This study addresses the poor performance of precision matrix estimation in high-dimensional graphical models when edge weights exhibit clustering structures and data are heavy-tailed. To overcome this limitation, the authors propose Graphical SLOPE, a method that employs SLOPE regularization to simultaneously recover sparsity and cluster edges with similar strengths. For the first time, they establish asymptotic theory for estimation error and pattern recovery under both Gaussian and elliptical distributions, elucidating its clustering selection mechanism. Furthermore, they introduce TSLOPE, which integrates a multivariate t-loss function to robustly handle heavy-tailed data. Theoretical analysis and empirical experiments demonstrate that Graphical SLOPE yields more accurate estimates under structured edge patterns, while TSLOPE substantially outperforms conventional Gaussian-based approaches and effectively identifies economically meaningful dependency clusters.

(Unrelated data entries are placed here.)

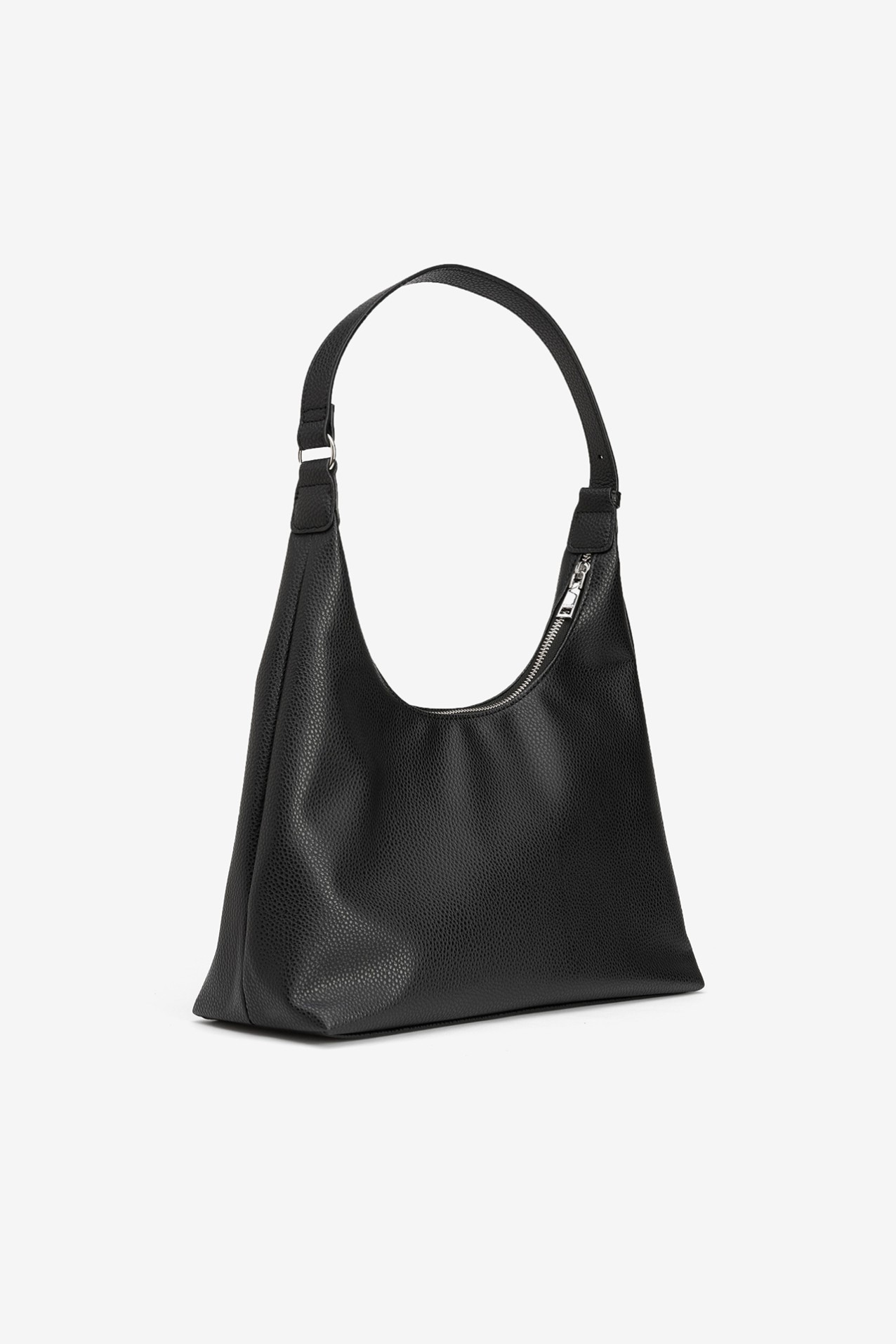 Black Textured Handbag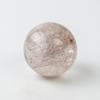 Eigado Rutilated Quartz Red Rutilated Good Work Power Amulet Sphere, 25mm, 21.7g, Quartz, Fortune, Luck, Stone,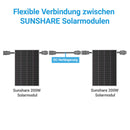 SUNSHARE Verlängerungskabel - 1,0 Meter / 2,9 Meter wählbar - komfortable Verbindung zwischen Sunshare Solarpanels und Wechselrichter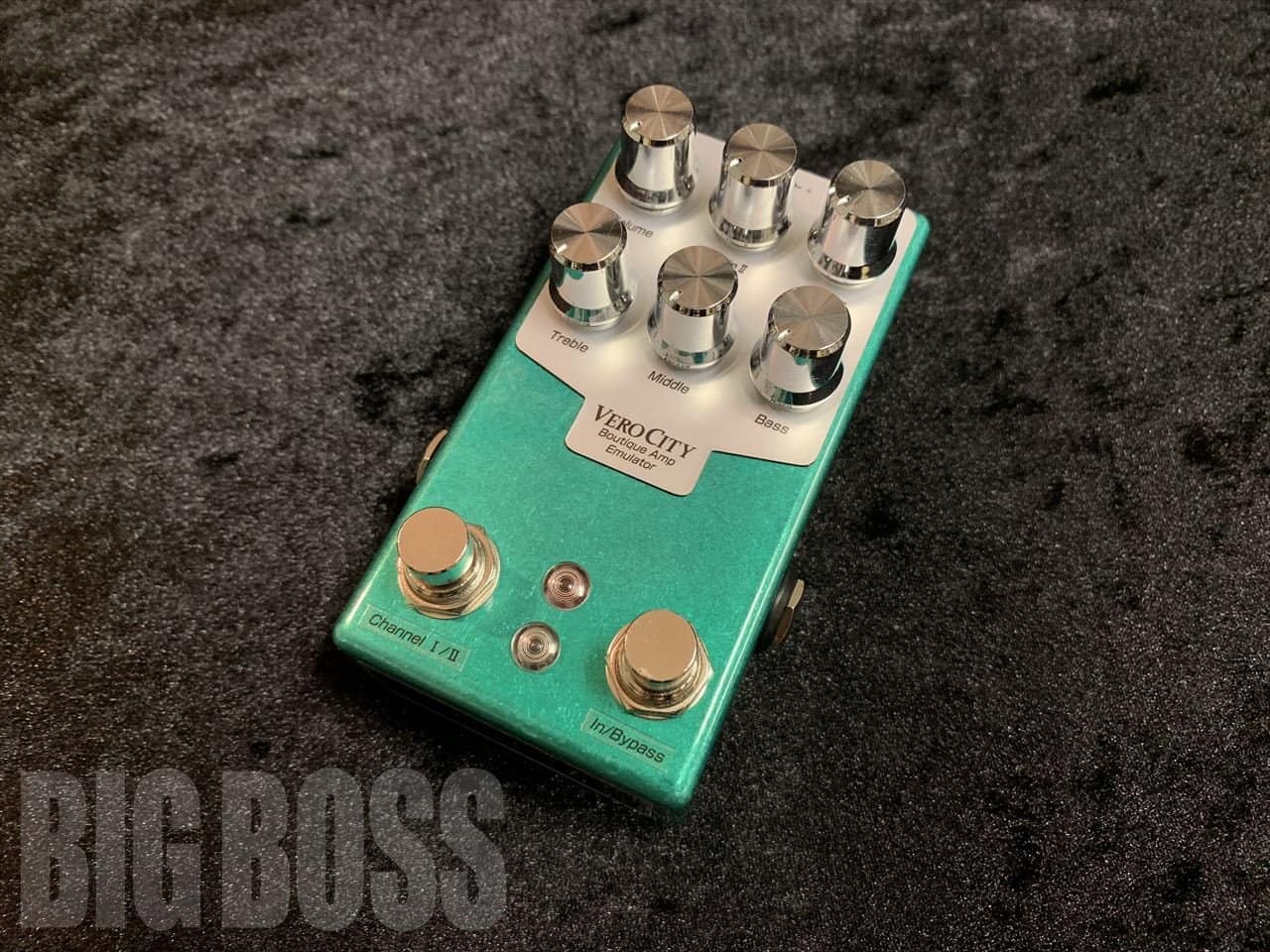 【受注生産】<br>VeroCity Effects Pedals VH34<br>Candy Green<br>(ディストーション/プリアンプ)(ベロシティエフェクツペダルズ)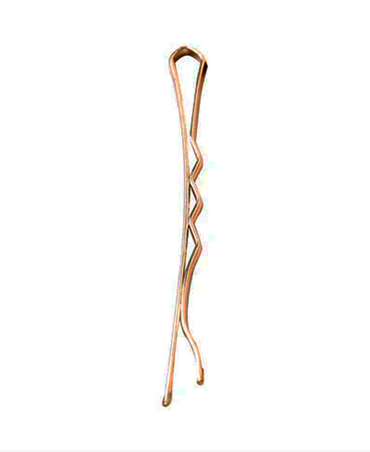 J BABE BOBBY PINS GOLD 12 PZS. MINI  BP13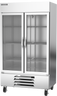 Beverage-Air - 47" Horizon Reach-In Freezer w/ 2 Glass Swing Doors - HBF44HC-1-G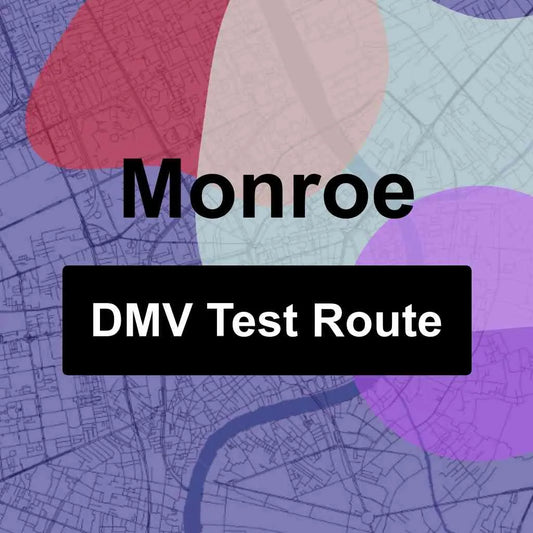 Monroe, North Carolina DMV Driving Test Routes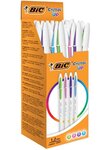 Lot de 20 Stylo bille Cristal Up Fashion, couleurs assorties BIC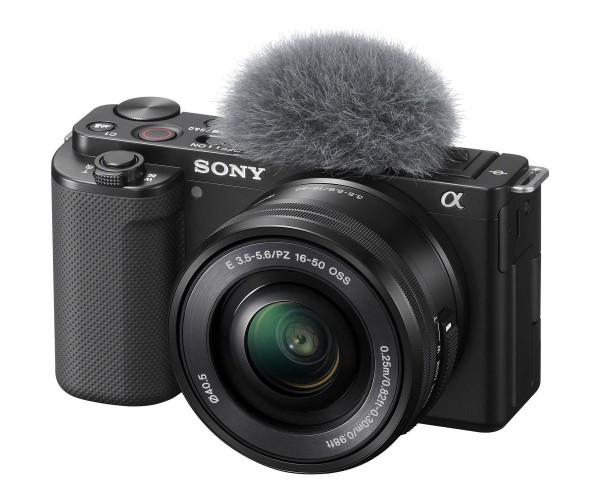 Компактний фотоапарат із змінним об'єктивом Sony ZV-E10 kit (16-50mm) Black (ILCZVE10LB.CEC), фото №1 Компактний фотоапарат із змінним об'єктивом Sony ZV-E10 kit (16-50mm) Black (ILCZVE10LB.CEC), фото №1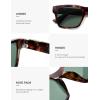 imageSOJOS Trendy Polarized Square Sunglasses for Women MenUV400 Retro Square 70s 80s 90s Shades SJ2622Dark Tortoise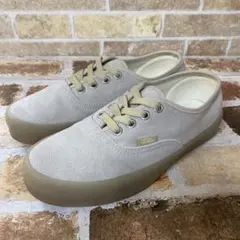 【未使用級】VANS オーセンティック23cmベージュ スエード スニーカー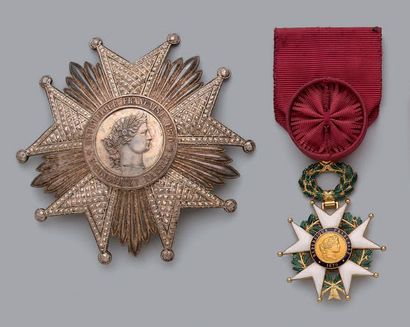 null Plaque de grand-croix ou de grand officier de l'ordre de la Légion d'honneur...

This paper studies Graphical SLOPE for precision matrix estimation, with emphasis on its ability to recover both sparsity and clusters of edges with equal or similar strength. In a fixed-dimensional regime, we establish that the root-$n$ scaled estimation error converges to the unique minimizer of a strictly convex optimization problem defined through the directional derivative of the SLOPE penalty. We also establish convergence of the induced SLOPE pattern, thereby obtaining an asymptotic characterization of the clustering structure selected by the estimator. A comparison with GLASSO shows that the grouping property of SLOPE can substantially improve estimation accuracy when the precision matrix exhibits structured edge patterns. To assess the effect of departures from Gaussianity, we then analyze Gaussian-loss precision matrix estimation under elliptical distributions. In this setting, we derive the limiting distribution and quantify the inflation in variability induced by heavy tails relative to the Gaussian benchmark. We also study TSLOPE, based on the multivariate $t$-loss, and derive its limiting distribution. The results show that TSLOPE offers clear advantages over GSLOPE under heavy-tailed data-generating mechanisms. Simulation evidence suggests that these qualitative conclusions persist in high-dimensional settings, and an empirical application shows that SLOPE-based estimators, especially TSLOPE, can uncover economically meaningful clustered dependence structures.